Carbon cycles of the Anthropocene oceans

Research group based at CEREGE, Aix-en-Provence, France

ExoCean lab

Experimental oCeanologie laboratory

This our [currently in-construction] lab, where the real science happens. It's located on the Technopôle de l'Arbois, in Aix-en-Provence. There we routinely run chemical experiments, analyse seawater samples for carbonate chemistry, and simulate sediment-water interface environments. All our equipment is always ready to be taken on an expedition at sea. 
Microprofiler (e.g., pH, O2, H2S, NO3, redox)

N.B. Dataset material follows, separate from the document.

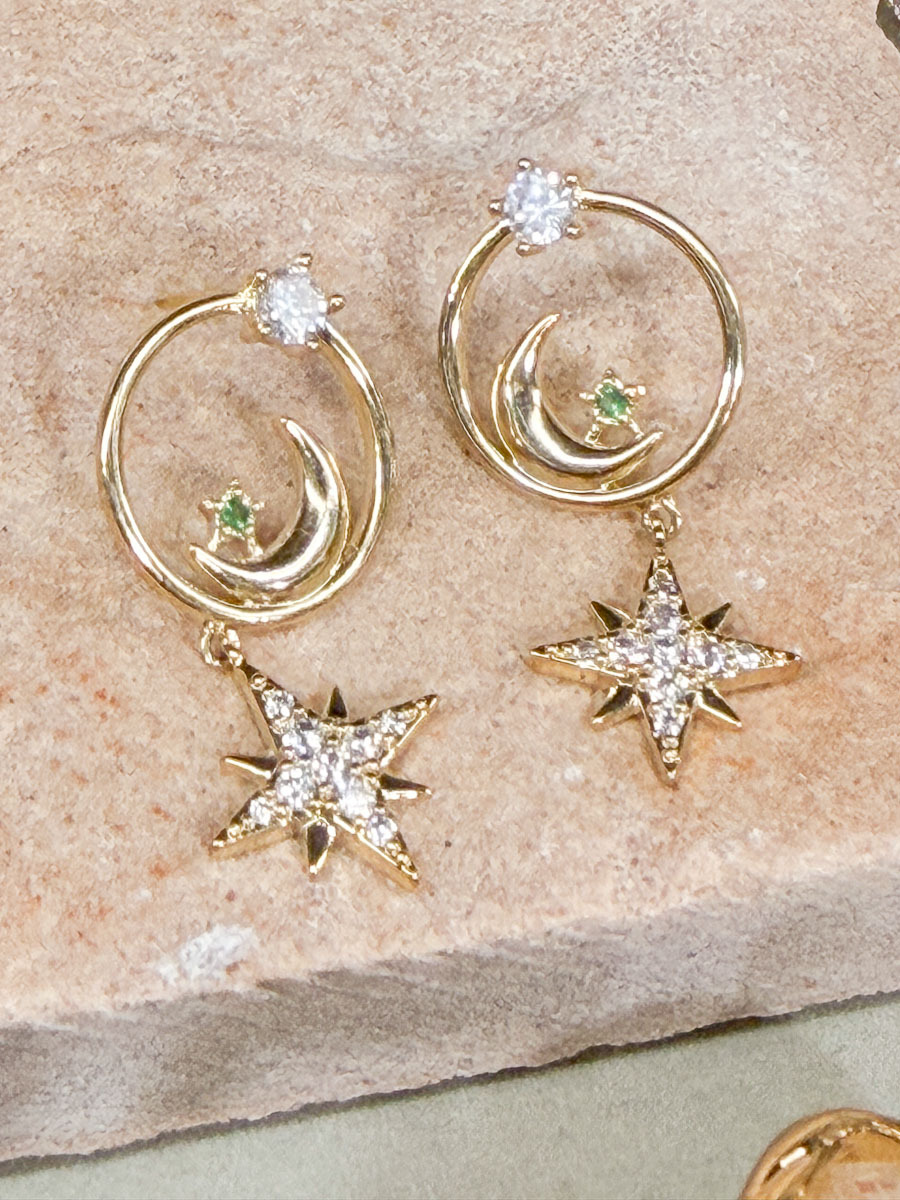 【SALE SALE SALE🔥】月亮圈 925純銀耳針 bling bling 耳環 【不設退換】（純針耳針比較軟，有可能會微曲）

Microprofiler setup with a pH microsensor, doing a pH profile on a retrieved sediment core
The MicroProfiling System purchased from Unisense is a high quality tool for microscale measurements in numerous types of applications, e.g. H2S profiles in biofilm, pH gradients in seagrass or oxygen concentrations in sediment samples. The micro manipulator is fully motorised and programmable with laptop. Measured chemical profiles can be seen live, in the lab or in the field. 
Nanorespiration system, to study the respiration rate of an individual organism (here, foraminifera)
Rotating-disk reactors
The rotating disk reactor on Dutch national TV.

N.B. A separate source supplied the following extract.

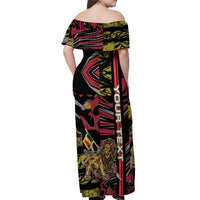 Personalized Belgium Off Shoulder Maxi Dress Lion Holding Flag - Wonder Print Shop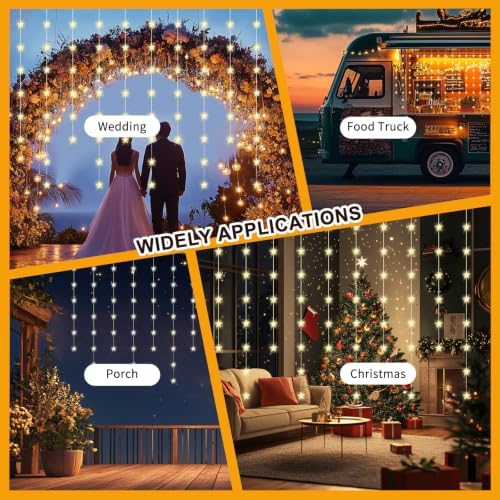 Star Curtain Lights, Warm White Window Lights 70 Stars Hanging Light with Remote Fairy Led Twinkle String Lights, alternate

The rotating disks reactors are home-made, can be used to reproduce the hydrodynamics of natural benthic environments, from high-energy turbulent-regime environments (e.g., carbonate platforms) to low-energy, slow and laminar flow regime environments (e.g., abyssal plains). They are temperature controlled and allow the insertion of sensors within the sediments, to study porewater chemistry changes or measure chemical fluxes across the sediment-water interface. See Sulpis et al. (2019) for more information and manufacturing/usage instructions. There are 6 rotating disk reactors in the lab, all with a disk rotating speed that can be remotely controlled.
High-pressure reactor
The high pressure reactor on the RV Pelagia.

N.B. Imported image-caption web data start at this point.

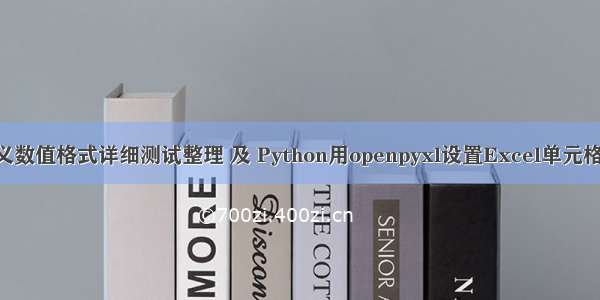 Excel单元格自定义数值格式详细测试整理 及 Python用openpyxl设置Excel单元格属性——数值格式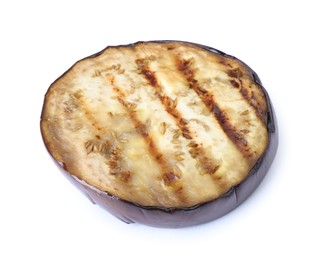 Photo of Grilled slice of eggplant isolated on white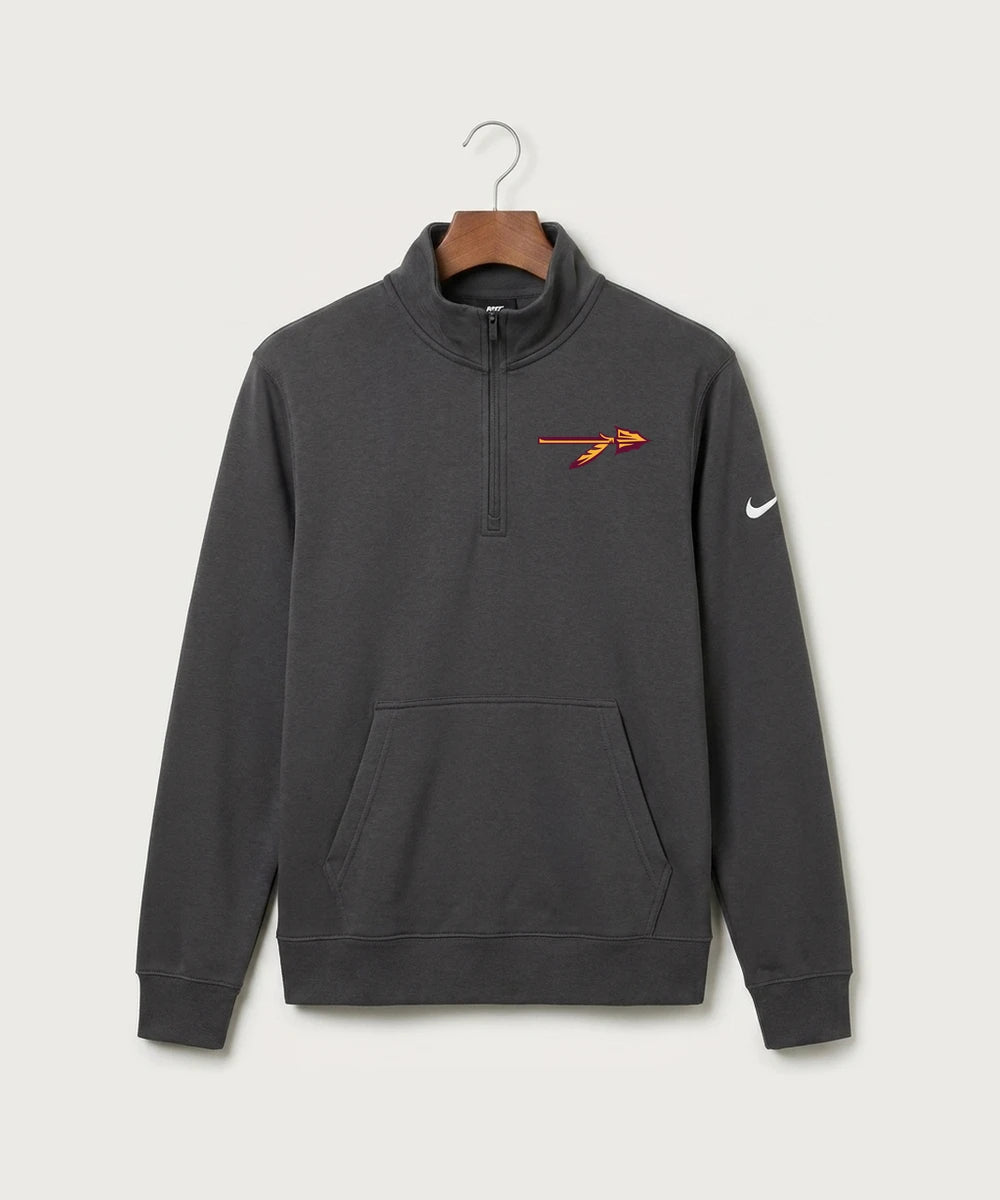 Stockton High School Football - Anthracite Nike Club Fleece Sleeve Swoosh 1/2-Zip NKDX6718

The current high-pressure reactor is a Novoclave purchased from Büchiglas. There is an external hand pump that pushes water inside a temperature controlled, stirred reactor, generating pressures up to 500 bars (the equivalent of 5000 m below sea level!).  The temperature and stirring rate can be adjusted and even programmed to change through time. The pressure can either be stationary, to simulate an aquatic environment at a given depth, or gradually increased or decreased, to simulate the settling of particles across the water column or the retrieval of sediment cores. Water can be sampled from the reactor chamber, even when it's under pressure, to monitor the chemical reactions occurring within. The reactor can be used in the lab or in the field.